Both portions of the what stream enhanced by MA were clusters within Brodmann area 37, thought to serve a role integrating visual perceptual information with orthographic and other types of semantic information (Ardila et al. 2015). Specific portions of the what stream are often identified as category specific, such as for faces, words, or place, However, recent work examining downstream specialized categorical processing of visual input suggests that low level visual properties of images within categories drive these seemingly category-specific cortical responses in the what stream (Watson et al. 2014). The top 5 functional terms found at Neurosynth.org for the left temporal cluster were “objects,” “visual,” “faces,” “photographs,” and “encoding,” and for the right cluster, terms were “object,” “visual,” “characters,” “visual word,” and “multisensory.”

A primary neurochemical effect of stimulant drugs is increased dopamine availability, which is thought to account for several different aspects of the drugs’ “rewarding” properties (Schultz 2002; Volkow et al. 2001). In studies with human volunteers, drug reward typically refers to feelings of well-being that may reflect “tonic” increases in dopamine levels (Volkow et al. 1999). In preclinical studies and some clinical studies (Volkow et al. 2004), it has been proposed that dopamine enhances the brain reward signal that accompanies unexpected rewards or signals for upcoming rewards. Thus, in addition to these reward-related effects of MA, our study further shows that an integrative sensory-attentional enhancement can occur and is independent of the subjective drug experience. Increasing sensory salience of particular types of stimuli in the absence of increased positive drug effects is a key aspect of certain models of drug conditioning (Berridge and Robinson 2016).

The present results should be considered in light of several limitations. First, this study only examined a single dose of MA, and as such cannot describe whether the interaction we observed between stimulus type and drug is dose-dependent. Future studies using similar paradigms should include multiple drug doses to address this issue. Second, this study tested a sufficient, given the within-subject design, but modestly sized sample. Lastly, participants in the study were selected from a population of healthy control subjects with limited prior experience with stimulant drugs. It is possible that the effects of MA on higher order sensory processing of novel stimuli observed in this study would differ from effects experienced by individuals who use the drug regularly and/or suffer from stimulant use disorder.
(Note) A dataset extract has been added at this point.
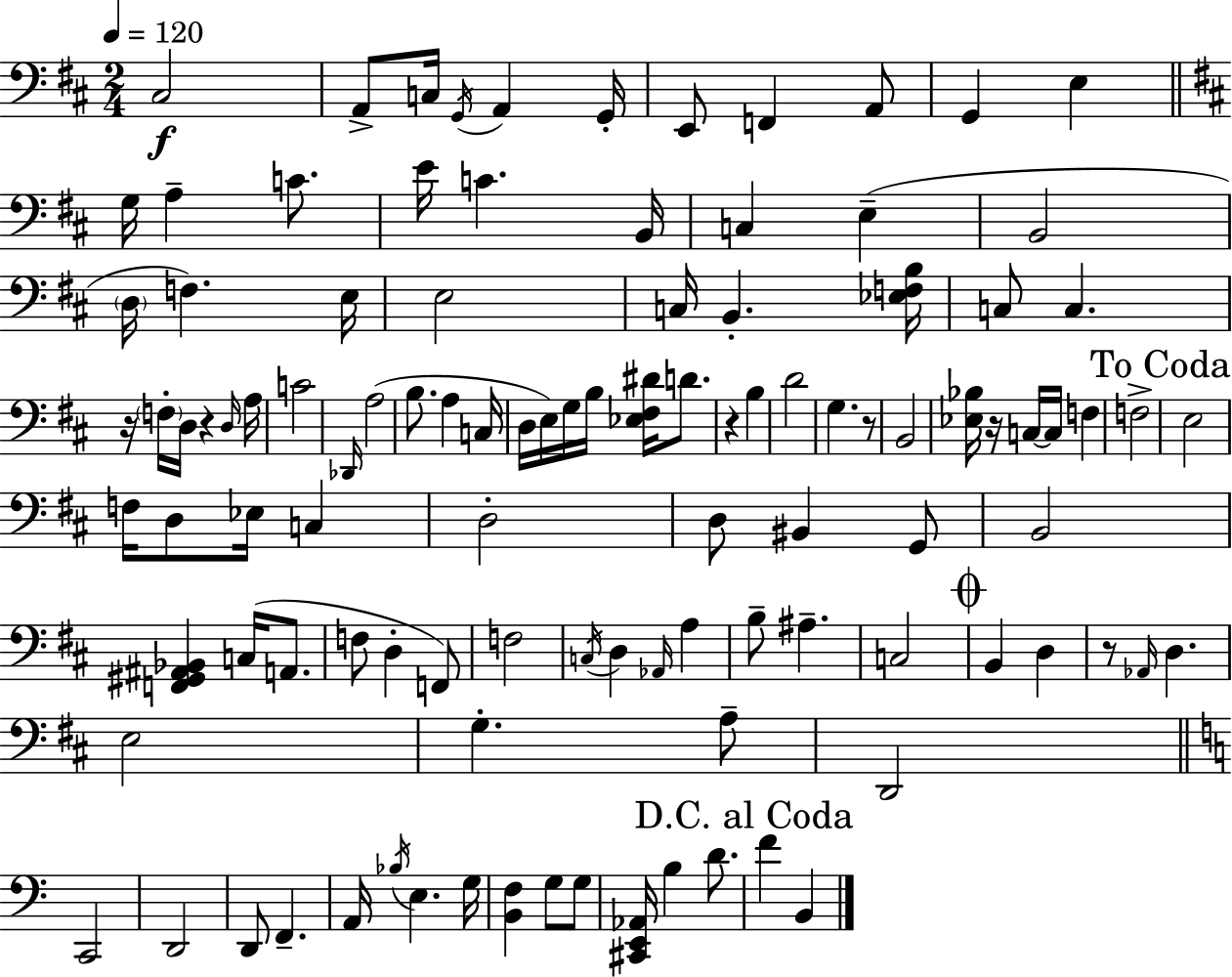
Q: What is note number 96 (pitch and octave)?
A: B2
However, a recent fMRI study by Courtney et al. (2016) of MA-addicted individuals viewing MA-associated cues reported that the areas of the greatest cue-induced activation were the primary and higher order visual cortex.
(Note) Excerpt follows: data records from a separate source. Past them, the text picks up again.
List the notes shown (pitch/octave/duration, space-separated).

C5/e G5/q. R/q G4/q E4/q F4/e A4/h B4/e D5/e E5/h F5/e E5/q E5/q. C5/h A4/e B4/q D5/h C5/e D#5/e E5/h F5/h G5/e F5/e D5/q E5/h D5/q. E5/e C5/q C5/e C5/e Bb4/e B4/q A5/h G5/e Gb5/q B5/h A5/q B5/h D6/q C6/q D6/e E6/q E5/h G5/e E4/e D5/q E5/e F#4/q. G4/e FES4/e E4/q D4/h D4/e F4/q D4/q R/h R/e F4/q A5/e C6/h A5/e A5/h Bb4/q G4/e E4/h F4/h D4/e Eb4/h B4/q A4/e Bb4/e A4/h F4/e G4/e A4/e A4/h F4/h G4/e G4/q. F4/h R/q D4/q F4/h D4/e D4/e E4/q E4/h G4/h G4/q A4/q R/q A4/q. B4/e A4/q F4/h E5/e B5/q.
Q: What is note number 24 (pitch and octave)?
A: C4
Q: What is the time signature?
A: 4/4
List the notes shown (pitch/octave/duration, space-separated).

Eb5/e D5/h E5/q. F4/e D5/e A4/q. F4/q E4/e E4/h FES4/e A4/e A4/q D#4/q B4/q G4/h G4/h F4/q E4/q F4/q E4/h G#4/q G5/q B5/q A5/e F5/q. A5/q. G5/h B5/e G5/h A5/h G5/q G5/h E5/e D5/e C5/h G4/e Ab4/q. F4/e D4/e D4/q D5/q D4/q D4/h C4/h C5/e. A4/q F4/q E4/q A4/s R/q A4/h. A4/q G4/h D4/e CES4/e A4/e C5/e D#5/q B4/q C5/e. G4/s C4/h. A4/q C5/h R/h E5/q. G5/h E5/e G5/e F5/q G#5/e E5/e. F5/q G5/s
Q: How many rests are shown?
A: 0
Taken together with our prior conditioning study, these results suggest that MA may alter neural response to visual stimuli in addition to its other well-known effects on cognitive and attentional processes. This research highlights the need for a better understanding of the sensory processing effects that MA might have in chronic users, and the trajectory of the development of these effects. Our results indicate that acute MA exposure does have effects on higher order sensory processing, but it is still unknown whether these effects contribute separately or interact with alterations to the reward system over time in the development of stimulant use disorder.